[Provided material — start]
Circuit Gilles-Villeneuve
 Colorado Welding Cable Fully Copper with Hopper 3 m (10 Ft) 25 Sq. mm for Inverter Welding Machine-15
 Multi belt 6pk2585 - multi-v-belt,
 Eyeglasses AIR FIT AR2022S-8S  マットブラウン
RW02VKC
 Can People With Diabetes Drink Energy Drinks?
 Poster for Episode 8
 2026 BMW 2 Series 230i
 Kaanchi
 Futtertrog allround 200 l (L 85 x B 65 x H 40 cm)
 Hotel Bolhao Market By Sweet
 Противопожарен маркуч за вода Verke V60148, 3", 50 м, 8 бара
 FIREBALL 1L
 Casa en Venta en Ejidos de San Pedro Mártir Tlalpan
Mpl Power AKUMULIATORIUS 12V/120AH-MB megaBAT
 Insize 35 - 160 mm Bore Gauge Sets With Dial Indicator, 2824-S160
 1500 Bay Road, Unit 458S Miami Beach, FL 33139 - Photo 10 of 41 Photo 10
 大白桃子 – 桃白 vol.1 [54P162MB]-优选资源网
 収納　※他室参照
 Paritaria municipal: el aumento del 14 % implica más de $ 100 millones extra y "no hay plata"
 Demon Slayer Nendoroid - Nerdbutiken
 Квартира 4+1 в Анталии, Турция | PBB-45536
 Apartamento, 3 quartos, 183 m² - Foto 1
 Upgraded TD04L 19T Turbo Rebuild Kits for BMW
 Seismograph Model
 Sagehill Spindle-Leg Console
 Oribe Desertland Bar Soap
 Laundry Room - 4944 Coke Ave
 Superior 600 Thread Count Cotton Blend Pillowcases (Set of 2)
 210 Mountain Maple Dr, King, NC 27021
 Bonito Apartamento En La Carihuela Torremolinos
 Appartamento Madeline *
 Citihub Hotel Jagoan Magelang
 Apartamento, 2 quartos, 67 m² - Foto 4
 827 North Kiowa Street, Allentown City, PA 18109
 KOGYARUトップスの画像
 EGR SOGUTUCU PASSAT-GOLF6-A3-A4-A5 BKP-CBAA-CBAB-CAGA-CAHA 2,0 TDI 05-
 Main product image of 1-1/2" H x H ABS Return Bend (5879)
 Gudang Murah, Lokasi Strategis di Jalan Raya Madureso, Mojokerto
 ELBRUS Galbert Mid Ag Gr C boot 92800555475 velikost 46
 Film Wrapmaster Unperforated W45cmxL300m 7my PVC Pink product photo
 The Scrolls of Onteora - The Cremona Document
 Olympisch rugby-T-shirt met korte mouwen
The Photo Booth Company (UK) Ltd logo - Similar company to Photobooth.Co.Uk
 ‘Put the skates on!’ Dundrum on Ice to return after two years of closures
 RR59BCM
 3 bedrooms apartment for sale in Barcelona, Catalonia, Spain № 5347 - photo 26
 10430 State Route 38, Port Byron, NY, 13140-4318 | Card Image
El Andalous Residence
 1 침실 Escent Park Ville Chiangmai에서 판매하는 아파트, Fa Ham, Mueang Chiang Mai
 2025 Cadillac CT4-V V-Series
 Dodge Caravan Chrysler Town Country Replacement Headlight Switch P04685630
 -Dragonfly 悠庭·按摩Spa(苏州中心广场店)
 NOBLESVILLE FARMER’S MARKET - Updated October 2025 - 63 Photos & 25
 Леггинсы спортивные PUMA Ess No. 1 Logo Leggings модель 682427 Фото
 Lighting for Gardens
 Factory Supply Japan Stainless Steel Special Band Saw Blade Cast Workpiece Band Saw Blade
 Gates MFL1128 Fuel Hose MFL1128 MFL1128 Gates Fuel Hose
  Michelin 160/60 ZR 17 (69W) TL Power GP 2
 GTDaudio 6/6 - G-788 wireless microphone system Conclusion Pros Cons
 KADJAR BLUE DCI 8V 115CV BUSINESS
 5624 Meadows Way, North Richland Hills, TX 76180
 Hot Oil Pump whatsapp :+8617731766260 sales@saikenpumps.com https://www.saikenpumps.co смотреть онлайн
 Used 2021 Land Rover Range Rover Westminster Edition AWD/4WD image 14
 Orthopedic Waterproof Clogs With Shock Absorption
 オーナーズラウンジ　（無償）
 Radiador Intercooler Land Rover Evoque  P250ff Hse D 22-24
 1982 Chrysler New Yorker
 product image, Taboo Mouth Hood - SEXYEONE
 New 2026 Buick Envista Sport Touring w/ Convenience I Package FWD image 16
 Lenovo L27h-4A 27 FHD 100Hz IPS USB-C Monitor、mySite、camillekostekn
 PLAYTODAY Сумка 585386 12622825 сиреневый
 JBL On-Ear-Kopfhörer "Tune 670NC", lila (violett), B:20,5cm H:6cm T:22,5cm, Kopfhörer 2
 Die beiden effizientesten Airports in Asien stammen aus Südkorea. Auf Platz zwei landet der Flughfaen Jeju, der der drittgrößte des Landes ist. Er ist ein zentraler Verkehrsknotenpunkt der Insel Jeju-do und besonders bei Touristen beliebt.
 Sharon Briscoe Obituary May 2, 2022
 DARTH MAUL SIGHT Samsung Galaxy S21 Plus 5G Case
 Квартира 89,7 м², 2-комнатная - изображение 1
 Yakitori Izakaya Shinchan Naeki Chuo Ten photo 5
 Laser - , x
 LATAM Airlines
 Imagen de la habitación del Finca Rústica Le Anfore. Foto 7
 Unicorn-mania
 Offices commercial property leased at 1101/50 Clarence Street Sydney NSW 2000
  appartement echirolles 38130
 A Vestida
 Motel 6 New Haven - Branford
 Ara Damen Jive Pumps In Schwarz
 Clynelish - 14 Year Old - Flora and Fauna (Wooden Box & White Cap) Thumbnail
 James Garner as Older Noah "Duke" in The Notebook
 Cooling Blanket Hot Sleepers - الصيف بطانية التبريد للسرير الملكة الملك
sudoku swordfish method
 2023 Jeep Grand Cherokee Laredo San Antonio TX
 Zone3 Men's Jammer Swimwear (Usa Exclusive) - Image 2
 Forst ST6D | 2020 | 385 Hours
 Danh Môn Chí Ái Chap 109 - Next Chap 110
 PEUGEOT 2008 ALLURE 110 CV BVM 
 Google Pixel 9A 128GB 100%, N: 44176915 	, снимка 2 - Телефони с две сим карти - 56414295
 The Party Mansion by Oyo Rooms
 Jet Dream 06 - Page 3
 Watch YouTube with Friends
[Provided material — finish]
Which lines above run from the one containing "Film Wrapmaster Unperforated" to the one containing "Orthopedic Waterproof Clogs"? Give them again exactly, both ends included.

### Answer to the exercise
 Film Wrapmaster Unperforated W45cmxL300m 7my PVC Pink product photo
 The Scrolls of Onteora - The Cremona Document
 Olympisch rugby-T-shirt met korte mouwen
The Photo Booth Company (UK) Ltd logo - Similar company to Photobooth.Co.Uk
 ‘Put the skates on!’ Dundrum on Ice to return after two years of closures
 RR59BCM
 3 bedrooms apartment for sale in Barcelona, Catalonia, Spain № 5347 - photo 26
 10430 State Route 38, Port Byron, NY, 13140-4318 | Card Image
El Andalous Residence
 1 침실 Escent Park Ville Chiangmai에서 판매하는 아파트, Fa Ham, Mueang Chiang Mai
 2025 Cadillac CT4-V V-Series
 Dodge Caravan Chrysler Town Country Replacement Headlight Switch P04685630
 -Dragonfly 悠庭·按摩Spa(苏州中心广场店)
 NOBLESVILLE FARMER’S MARKET - Updated October 2025 - 63 Photos & 25
 Леггинсы спортивные PUMA Ess No. 1 Logo Leggings модель 682427 Фото
 Lighting for Gardens
 Factory Supply Japan Stainless Steel Special Band Saw Blade Cast Workpiece Band Saw Blade
 Gates MFL1128 Fuel Hose MFL1128 MFL1128 Gates Fuel Hose
  Michelin 160/60 ZR 17 (69W) TL Power GP 2
 GTDaudio 6/6 - G-788 wireless microphone system Conclusion Pros Cons
 KADJAR BLUE DCI 8V 115CV BUSINESS
 5624 Meadows Way, North Richland Hills, TX 76180
 Hot Oil Pump whatsapp :+8617731766260 sales@saikenpumps.com https://www.saikenpumps.co смотреть онлайн
 Used 2021 Land Rover Range Rover Westminster Edition AWD/4WD image 14
 Orthopedic Waterproof Clogs With Shock Absorption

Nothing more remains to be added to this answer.